Рейнерт отвечал резонно, округленными книжными фразами, которые по сравнению с полупольской речью Миквица звучали подобно серебряному кимвалу, вторящему грубо вырезанной дудке:
— Сие потому, что все храмы осквернены и негде отправлять богослужение. Посему не удается обрести единственного спасения, кое еще остается в столь бедственное время. Мне кажется, что сам господь покинул сей злосчастный град и предоставил его своей судьбе. Ригу постигла участь Иерусалима, — мира мы дождемся не ранее, чем все пребудет в развалинах и запустении. Что не сделает мор, то довершат пушки и пламя.
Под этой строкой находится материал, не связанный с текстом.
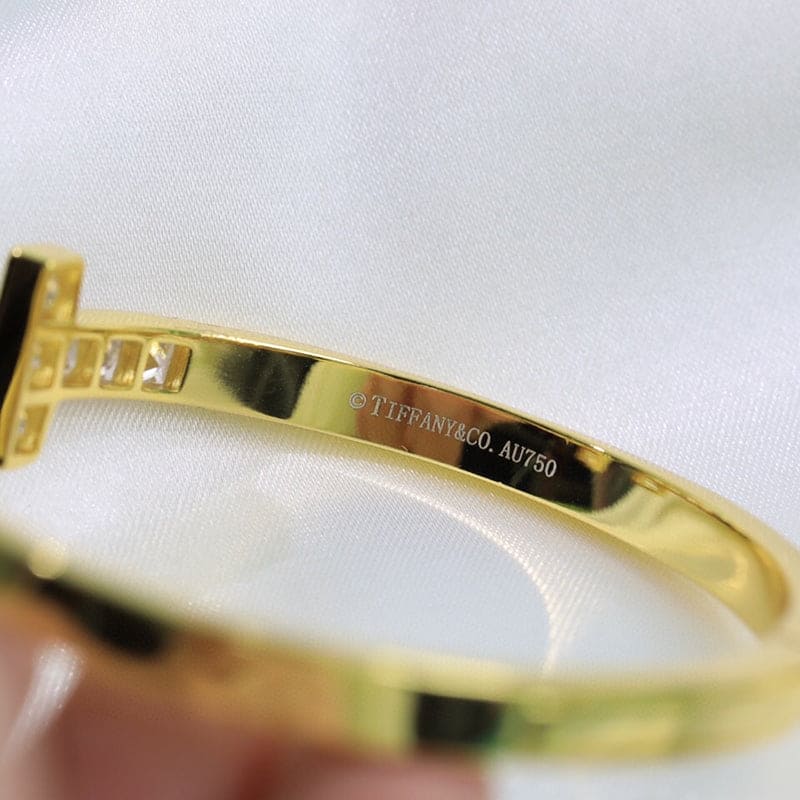 18K Tiffany & Co. Diamond Square Bracelet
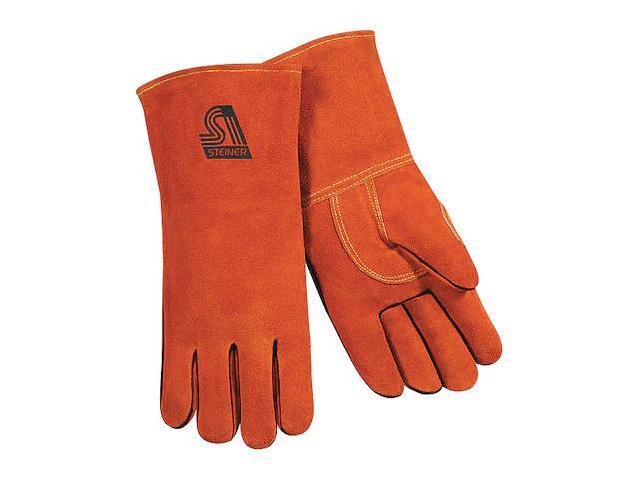 STEINER INDUSTRIES 02719-L Welding Gloves,Stick Application,Red,PR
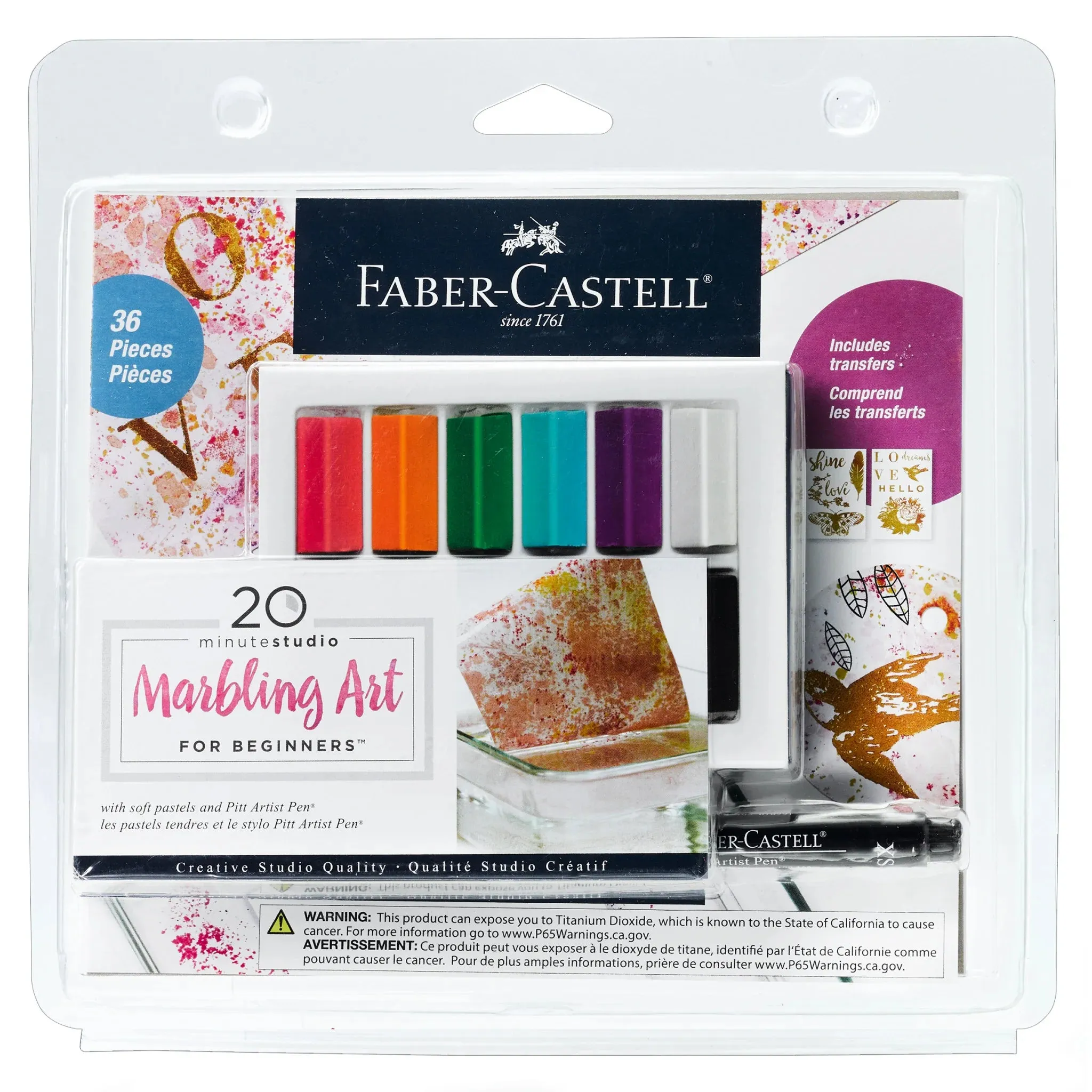 Faber-Castell 20 Minute Studio: Marbling Art Beginners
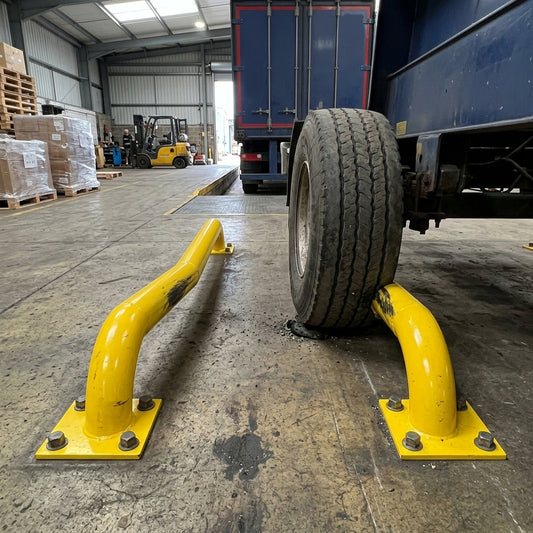 Cranked HGV Wheel Guide 1800mm – Galvanised Steel Pair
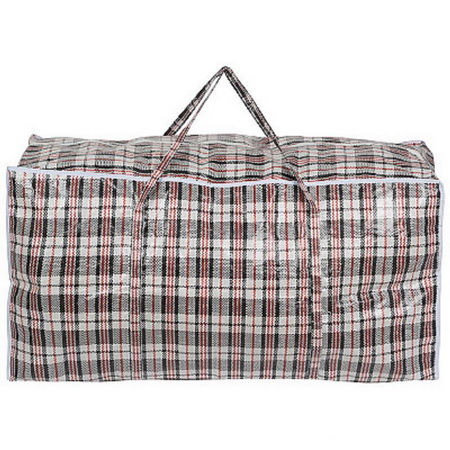 Сумка хозяйственная "Клетка" 008578 (100*50*40см) на молнии Скр.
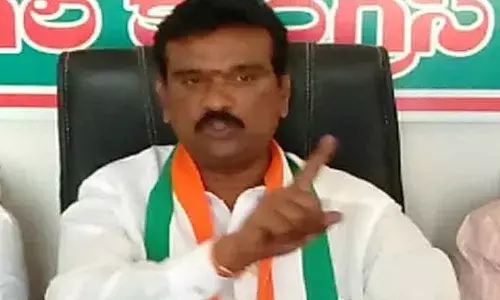 Senior Congress leader Katla Srinivas Rao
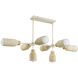 Pompeii 8 Light 30.75 inch Island Light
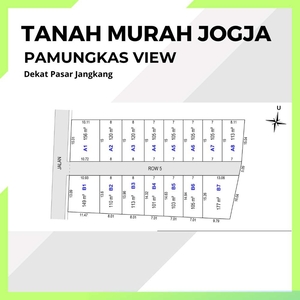 Dijual Tanah Murah Pamungkas Sleman Jogja Dekat Pasar Jangkang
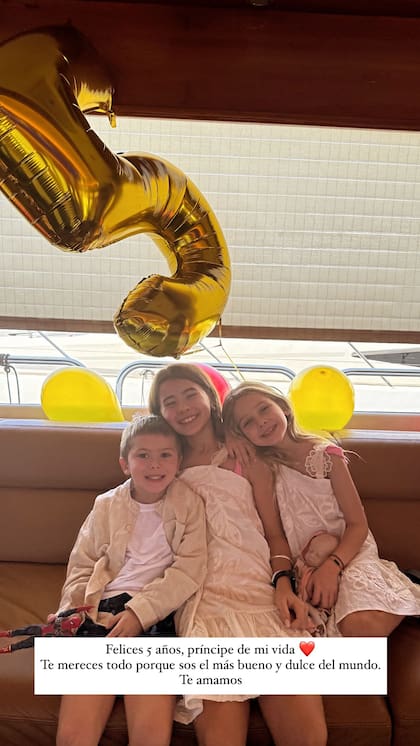 El saludo de la China Suárez a su hijo Amancio por el cumpleaños número 5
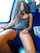 public flashing train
Тут вмешался и Битнербиндер, предварительно нагнувшись и пристально посмотрев на лежащего.
— Магистрат позволил проводить богослужения в зале гильдии, но разве это чем-нибудь помогло, господин Рейнерт? Как раз с того времени бедствие все увеличивается, и оно не прекратится, покамест зараза будет гнездиться в навозных кучах и всяческих нечистотах.
Рейнерт небрежно, точно свысока, махнул тонкой, словно изваянной рукой, на которую и сам глядел с удовольствием.
— Совсем в иных местах она гнездится, господин фон Битнербиндер! Константинополь ее порождает, от турок она идет. С ветрами, кои дуют прямо с юга. С прошлого года все низины вокруг города еще и поныне насыщены влагой, воздух, полный испарений и жары, для чумы суть то же самое, что для хлебного зерна земля, удобренная туком. Единственно господь и его добрая воля могут тут что-нибудь свершить. Но еще не время, чаша еще не наполнилась. Рига свое заслужила. Вот оно возмездие людям, предающимся чревоугодию, блуду и непомерному мотовству. Картежная игра, дорогие вина, расточительность, тщеславие — служанку нельзя было отличить от благородной дворянки или супруги богатого бюргера. Все это накапливалось постепенно, десятилетиями сеялось, и вот ныне сатана пожинает свой урожай. Вот она причина сему!
Миквиц тряхнул головой, отгоняя страшные видения.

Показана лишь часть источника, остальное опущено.